4. In our opinion and according to the information and explanations given to us, there are no loans and securities granted in respect of which provisions of Section 185 and 186 of the Companies Act, 2013 are applicable. In our opinion and according to the information and explanations given to us, the Company has complied with provisions of section 186 of the Companies Act, 2013 in respect of guarantees given and investments made during the year.

5. In our opinion and according to the information and explanations given to us, the Company has complied with the provisions of sections 73 to 76 or any other relevant provisions of the Companies Act, 2013 and the rules framed there under. According to the information and explanations given to us, in this regard, no order under the aforesaid sections has been passed by the Company Law Board or National Company Law Tribunal or Reserve Bank of India or any Court or any other Tribunal on the Company.

6. We have broadly reviewed the books of account maintained by the Company pursuant to the rules made by the Central Government for the maintenance of cost records under section 148(1) of the Companies Act, 2013 and are of the opinion that prima facie, the prescribed accounts and records have been made and maintained. We have, however, not made a detailed examination of the same.

7.a) According to the information and explanations given to us and records of the Company examined by us, in our opinion, the Company is generally regular in depositing with appropriate authorities undisputed statutory dues relating to provident fund, investor education and protection fund, employees state insurance, income-tax, sales tax, wealth tax, service tax, custom duty, excise duty, cess and other statutory dues, wherever applicable. However, there were delays in the deposit of value added tax, service tax, labour cess and advance tax during the year. Other than for undisputed amount of value added tax of Rs.11.07 lacs and employee state insurance of Rs 0.13 lacs, there are no undisputed amounts payable in respect of these dues which have remained outstanding at 31st March, 2016 for a period of more than six months from the date they became payable. In respect of labour cess, the amount outstanding for a period of more than six months as on 31st March, 2016 has not been quantified.

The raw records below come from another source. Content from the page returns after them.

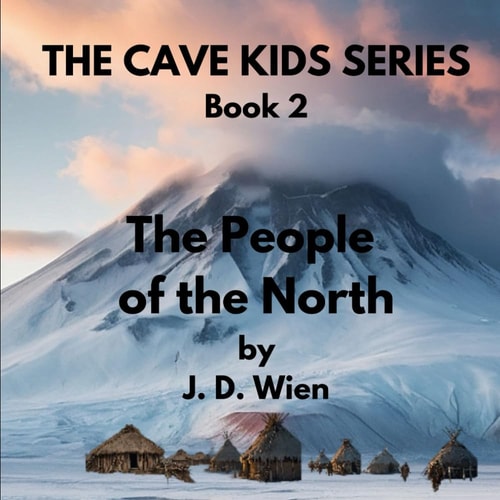 The Cave Kids Series Book 2: The People of the North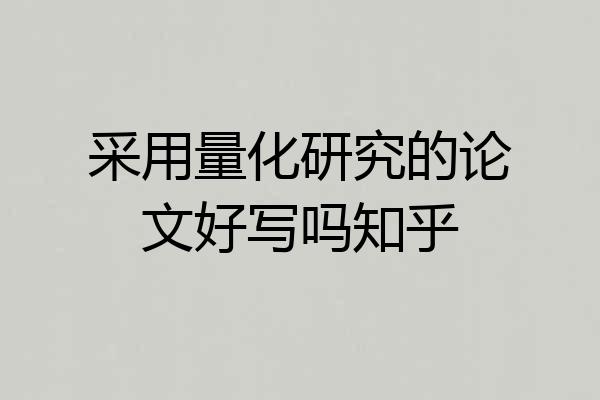 采用量化研究的论文好写吗知乎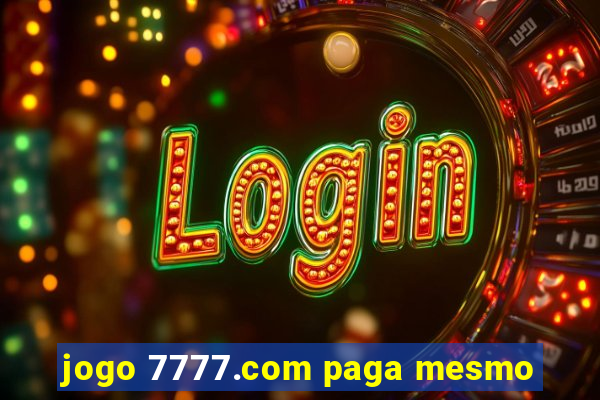 jogo 7777.com paga mesmo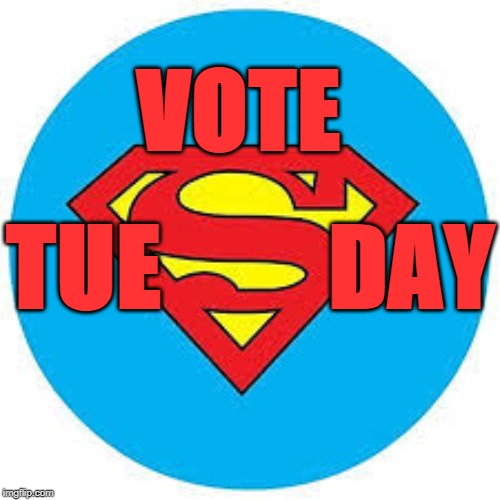 VOTE SUPER TUESDAY! | VOTE; TUE         DAY | image tagged in vote,super,tuesday,elections,super tuesday | made w/ Imgflip meme maker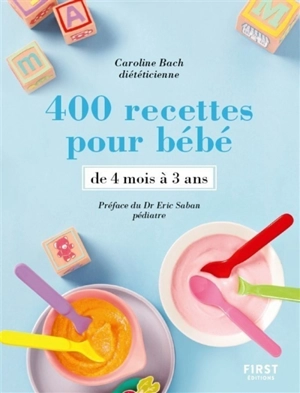 400 recettes pour bébé : de 4 mois à 3 ans - Caroline Bach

b) According to the information and explanations given to us and the records of the Company examined by us, the disputed amounts payable in respect of income-tax, sales tax, wealth tax, custom tax and excise duty / cess not deposited with the appropriate authorities are as follows:

Name of the statute

Nature of dues

Amount * (Rs. In lacs)

Period to which the amount relates

Forum where dispute is pending

Income Tax Act

Income Tax

765.79

Various Assessment Years

Supreme Court

Income Tax Act

Income Tax

52.69

Assessment Years 2011-12 and 2012-13

Commissioner of Income Tax (Appeals), New Delhi

Wealth Tax Act

Wealth Tax

0.49

Assessment Year 2004-05

CWT (Appeals)-I, New Delhi

UP Sales Tax Act

Sales Tax

86.31

Assessment Years 2003-04 to 2007-08

Tribunal, Commercial Tax, Ghaziabad

UP Value Added Tax Act

Sales Tax

106.55

Assessment Years 2007-08 to 2010-11

Tribunal, Commercial Tax, Ghaziabad

UP Value Added Tax Act

Sales Tax

67.53

Assessment 2011-12

Additional Commercial of Trade Tax, Ghaziabad

MP Value Added Tax Act

Sales Tax

5.00

Assessment Year 2008-09

Tribunal, Commercial Tax, Bhopal

Haryana Value Added Tax Act

Sales Tax

79.46

Assessment Year 2010-11

Joint Excise & Taxation Commissioner (Appeals), Haryana

Employees Provident Fund Act

Provident Fund

33.39

June 1994 to March 2006

Delhi High Court

The Finance Act, 1994

Service Tax

271.31

October 2003 to March 2010

Custom, Excise and Service Tax Appellate Tribunal, New Delhi

* The amounts are net of payments made under protest to the authorities.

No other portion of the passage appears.